Die CD-ROM
Von Christian Ziegler [text in German]

"Nützt es einem Choreographen, in den Probne digitale Medien einzusetzen" William Forsythe, auf dessen Initiative die CD-ROM "Improvisation Technologies" zurückgeht, sprach zu Anfang des Gemeinschaftsprojektes von Ballett Frankfurt und dem ZKM Karlsruhe (Zentrum für Kunst und Medientechnologie) lakonisch von einem "Timesaver", einem "Zeitsparer". Für uns Designer und Programmierer klang das zuerst recht abwertend. Erst nach und nach stellten wir fest, wie wichtig es William Forsythe wirklich ist, Zeit zu sparen, um sich auf die eigentliche Aufgabe des Choreographieres konzentrieren zu können.

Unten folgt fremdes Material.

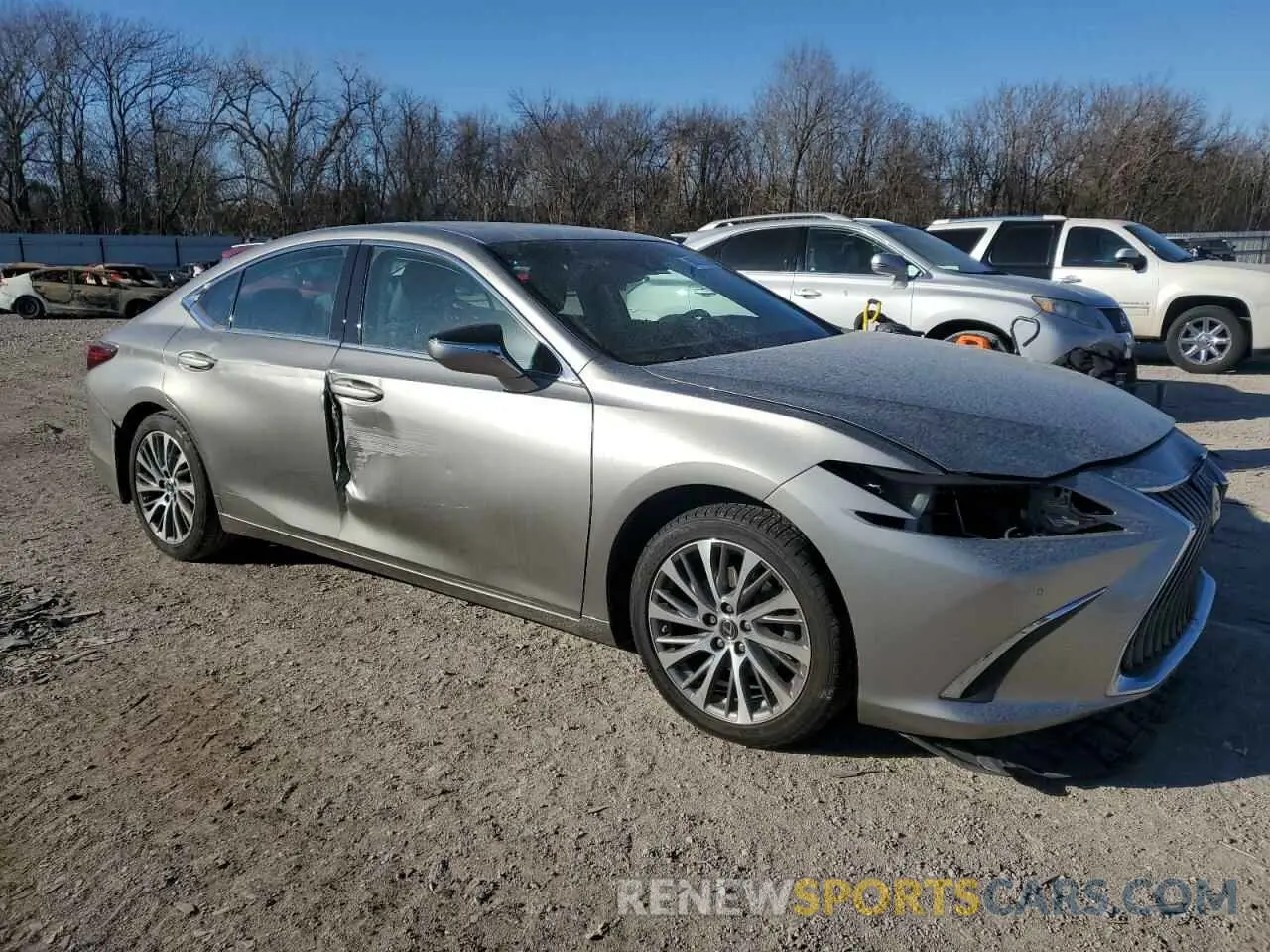 4 Photograph of a damaged car 58AEZ1B16LU057778 LEXUS ES350 2020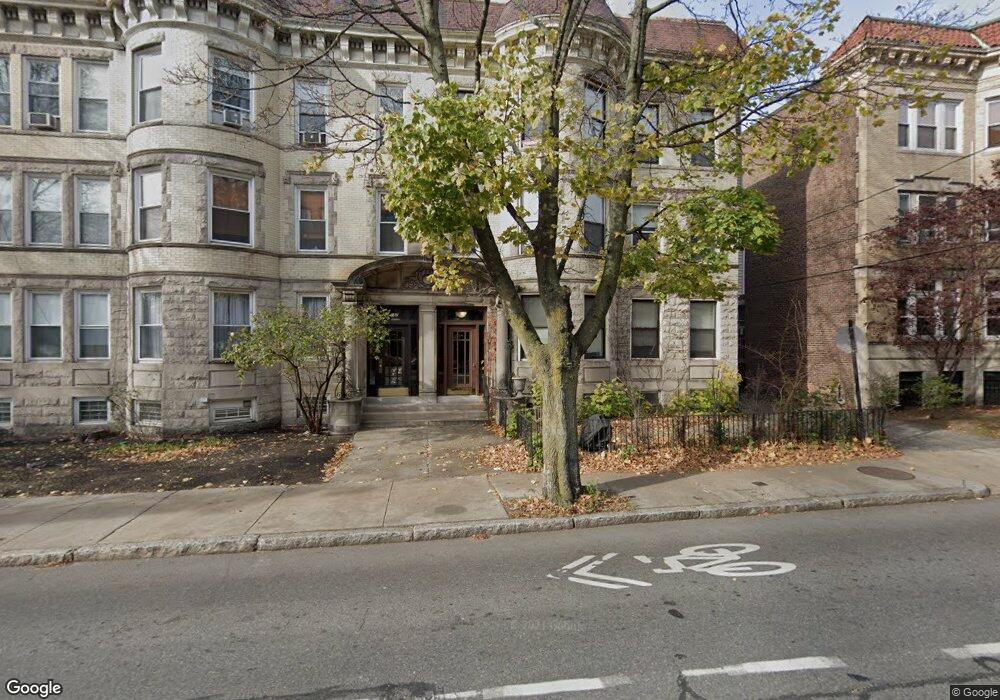 184 Saint Paul St unit B, Brookline, MA 02446 - photo 1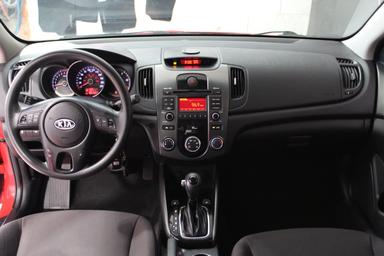 Kia Forte 5-Door 2013 - Thumbnail 11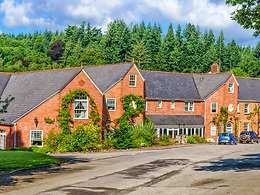 The Fox and Hounds Country Hotel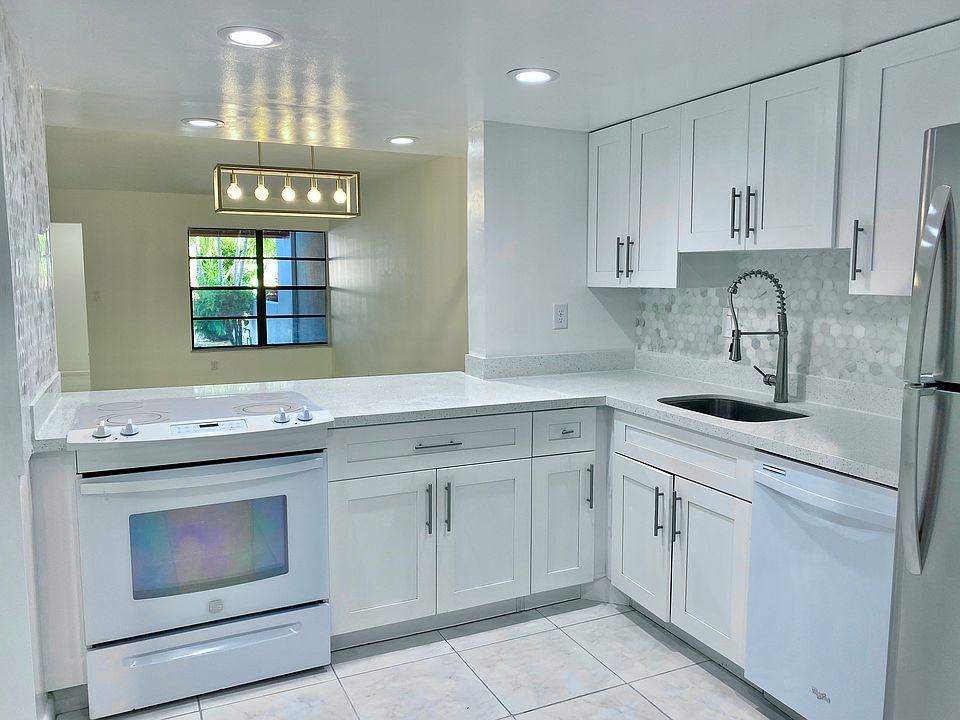Open Kitchen
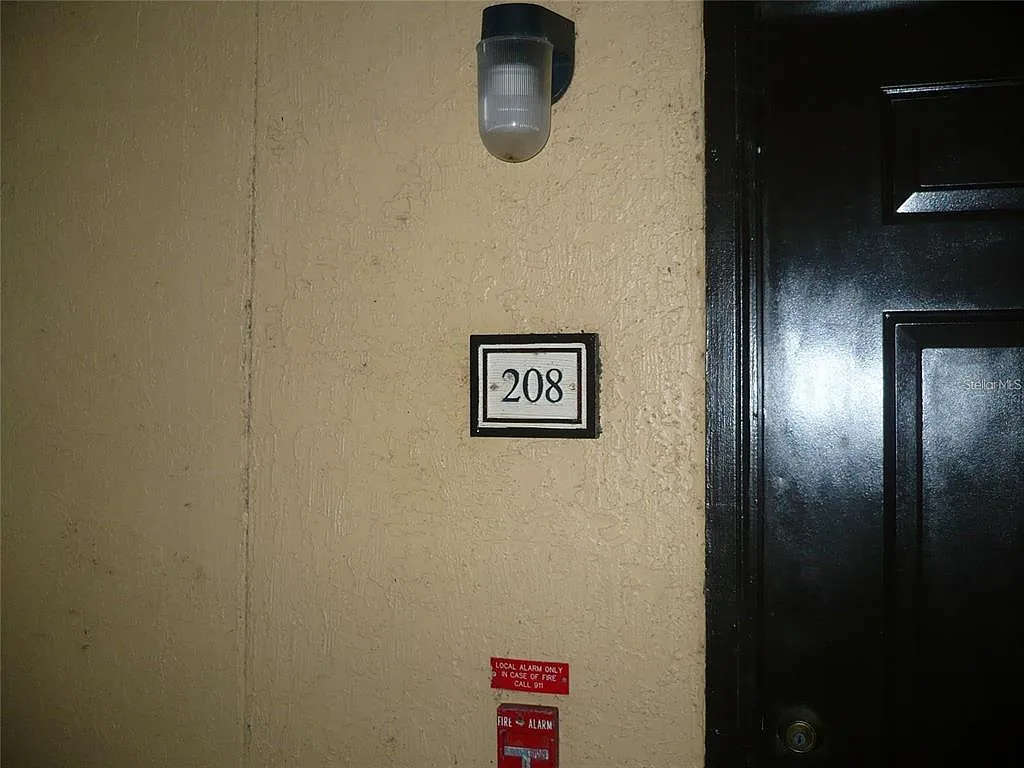 1 bed, 1.0 bath, 671 sqft, $1,475 — Photo 2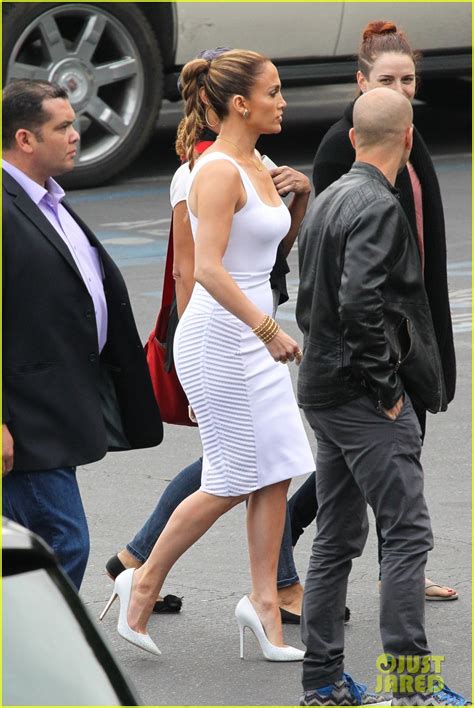 Jennifer Lopez Is White Hot In Form Fitting Outfit On Idol Photo 3088737 American Idol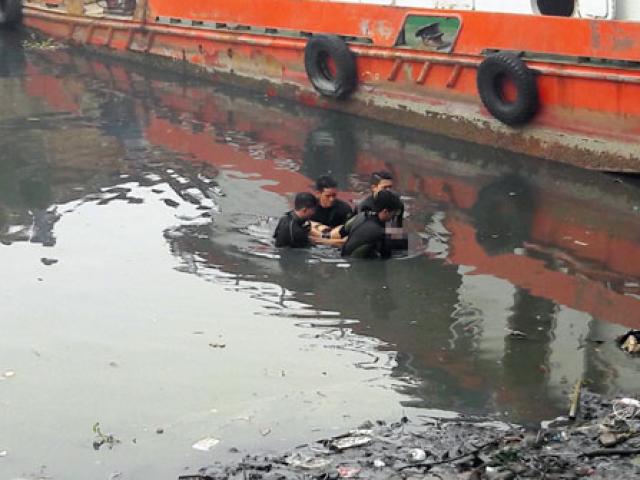 Tin tức trong ngày - Tìm điện thoại dưới kênh đen, nam thanh niên chết đuối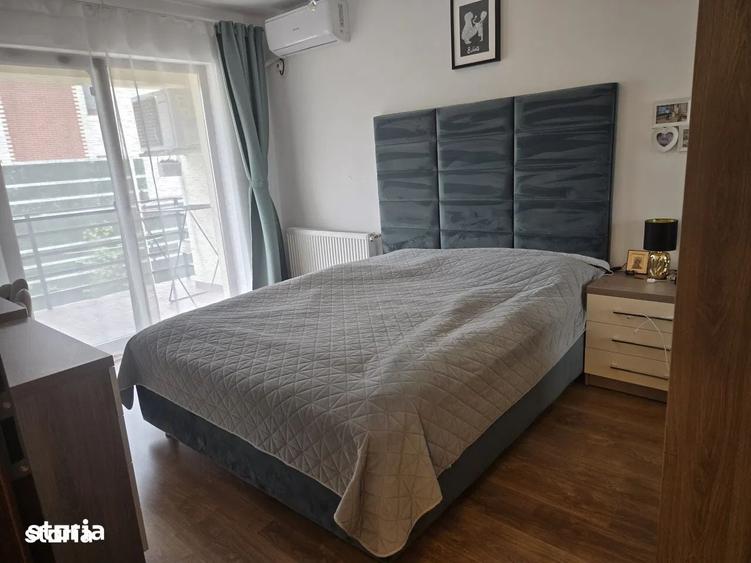 Casă cu 4 camere semidecomandat în Central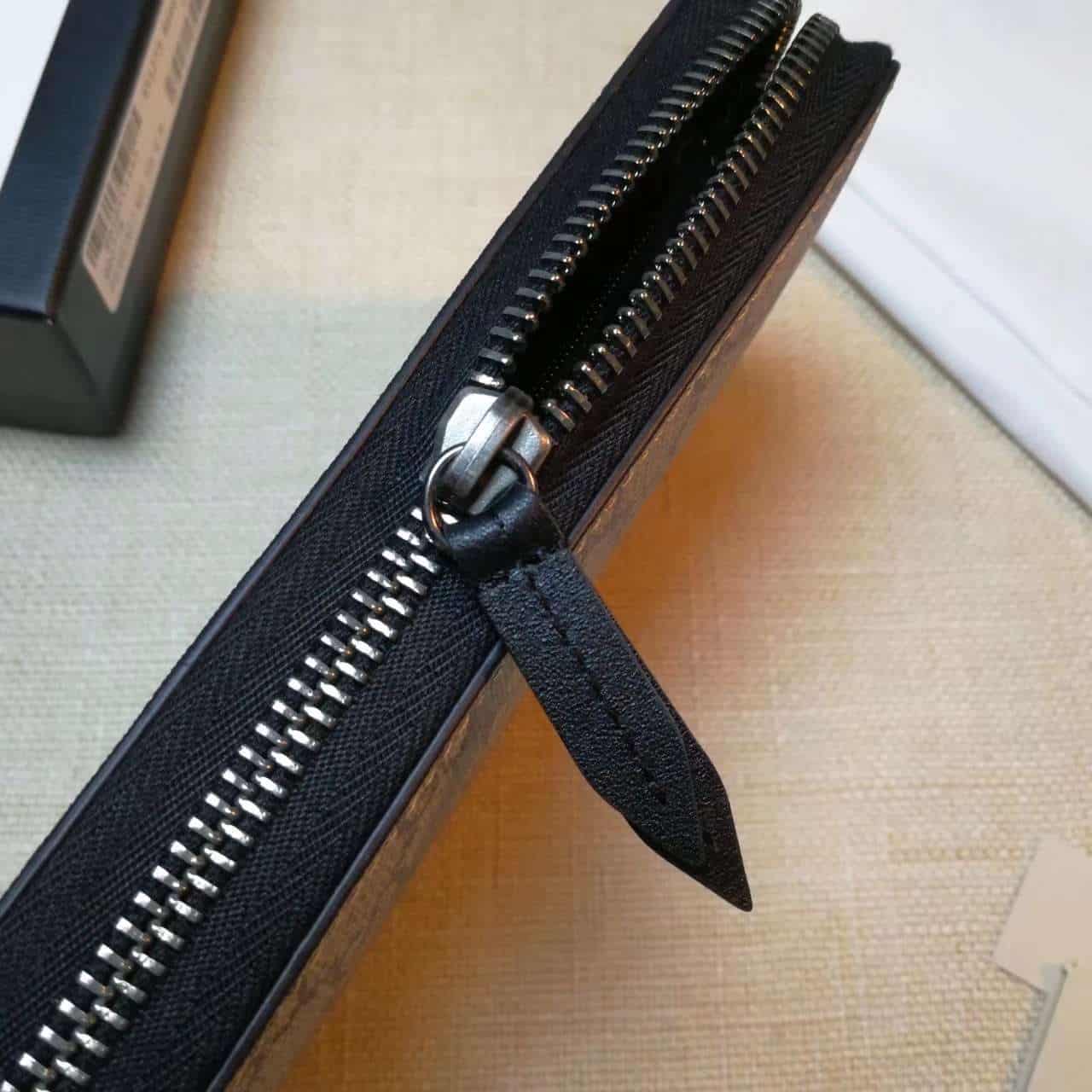 GUCCI WALLET KINGSNAKE PRINT GG SUPREME ZIP GC2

Jeder neue Tänzer des Ballett Frankfurt braucht viel Zeit, die spezifischen Techniken zu erlernen. Wenn bei Proben neue Stücke erarbeitet werden, kann sich dem neue Tänzer der Kosmos der gruppenspezifischen Begriffe und Techniken zunächste nur fragmentarisch erschliessen. Eine systematische Referenz der Codes und Verabredungen der Kompagnie gab es bisher nicht. Ein "Timesaver" in Form eines digitalen Lexikons lag also nahe.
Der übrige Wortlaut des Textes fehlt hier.